[Data extracted from a collection]
= Beginning of Section =
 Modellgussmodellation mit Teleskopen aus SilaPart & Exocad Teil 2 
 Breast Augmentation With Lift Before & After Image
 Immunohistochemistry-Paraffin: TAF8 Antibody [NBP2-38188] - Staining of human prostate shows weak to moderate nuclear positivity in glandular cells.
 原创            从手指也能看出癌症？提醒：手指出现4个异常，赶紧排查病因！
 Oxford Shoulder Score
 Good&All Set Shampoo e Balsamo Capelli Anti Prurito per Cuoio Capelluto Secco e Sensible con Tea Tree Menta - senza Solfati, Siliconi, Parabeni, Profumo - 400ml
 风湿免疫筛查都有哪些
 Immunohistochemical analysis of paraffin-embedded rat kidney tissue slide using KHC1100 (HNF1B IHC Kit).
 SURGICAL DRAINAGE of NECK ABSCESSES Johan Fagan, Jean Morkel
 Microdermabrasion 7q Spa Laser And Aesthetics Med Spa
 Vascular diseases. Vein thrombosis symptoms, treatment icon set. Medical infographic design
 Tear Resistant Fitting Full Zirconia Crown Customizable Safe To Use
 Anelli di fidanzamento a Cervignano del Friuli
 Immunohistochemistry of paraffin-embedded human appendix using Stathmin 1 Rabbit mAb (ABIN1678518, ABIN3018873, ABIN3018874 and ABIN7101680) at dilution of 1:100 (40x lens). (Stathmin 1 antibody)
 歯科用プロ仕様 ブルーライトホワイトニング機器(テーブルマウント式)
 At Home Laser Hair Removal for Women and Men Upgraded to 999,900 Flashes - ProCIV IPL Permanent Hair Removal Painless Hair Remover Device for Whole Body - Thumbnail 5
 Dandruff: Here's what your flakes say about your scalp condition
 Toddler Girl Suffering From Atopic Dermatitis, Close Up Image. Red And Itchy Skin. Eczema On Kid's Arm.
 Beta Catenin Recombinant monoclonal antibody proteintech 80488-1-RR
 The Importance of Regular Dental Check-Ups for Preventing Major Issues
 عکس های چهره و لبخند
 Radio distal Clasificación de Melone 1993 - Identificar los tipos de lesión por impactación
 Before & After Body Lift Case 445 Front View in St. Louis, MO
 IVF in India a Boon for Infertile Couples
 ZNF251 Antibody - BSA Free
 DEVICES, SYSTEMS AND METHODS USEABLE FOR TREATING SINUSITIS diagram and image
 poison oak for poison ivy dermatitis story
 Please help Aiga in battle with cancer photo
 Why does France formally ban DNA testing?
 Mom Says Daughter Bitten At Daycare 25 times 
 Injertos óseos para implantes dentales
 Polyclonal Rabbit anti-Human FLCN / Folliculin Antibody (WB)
= End of Section =
Restate word for word only the lines above from the line containing "SURGICAL DRAINAGE of" to the line containing "عکس های چهره و لبخند", both of them included.

* Answer:
 SURGICAL DRAINAGE of NECK ABSCESSES Johan Fagan, Jean Morkel
 Microdermabrasion 7q Spa Laser And Aesthetics Med Spa
 Vascular diseases. Vein thrombosis symptoms, treatment icon set. Medical infographic design
 Tear Resistant Fitting Full Zirconia Crown Customizable Safe To Use
 Anelli di fidanzamento a Cervignano del Friuli
 Immunohistochemistry of paraffin-embedded human appendix using Stathmin 1 Rabbit mAb (ABIN1678518, ABIN3018873, ABIN3018874 and ABIN7101680) at dilution of 1:100 (40x lens). (Stathmin 1 antibody)
 歯科用プロ仕様 ブルーライトホワイトニング機器(テーブルマウント式)
 At Home Laser Hair Removal for Women and Men Upgraded to 999,900 Flashes - ProCIV IPL Permanent Hair Removal Painless Hair Remover Device for Whole Body - Thumbnail 5
 Dandruff: Here's what your flakes say about your scalp condition
 Toddler Girl Suffering From Atopic Dermatitis, Close Up Image. Red And Itchy Skin. Eczema On Kid's Arm.
 Beta Catenin Recombinant monoclonal antibody proteintech 80488-1-RR
 The Importance of Regular Dental Check-Ups for Preventing Major Issues
 عکس های چهره و لبخند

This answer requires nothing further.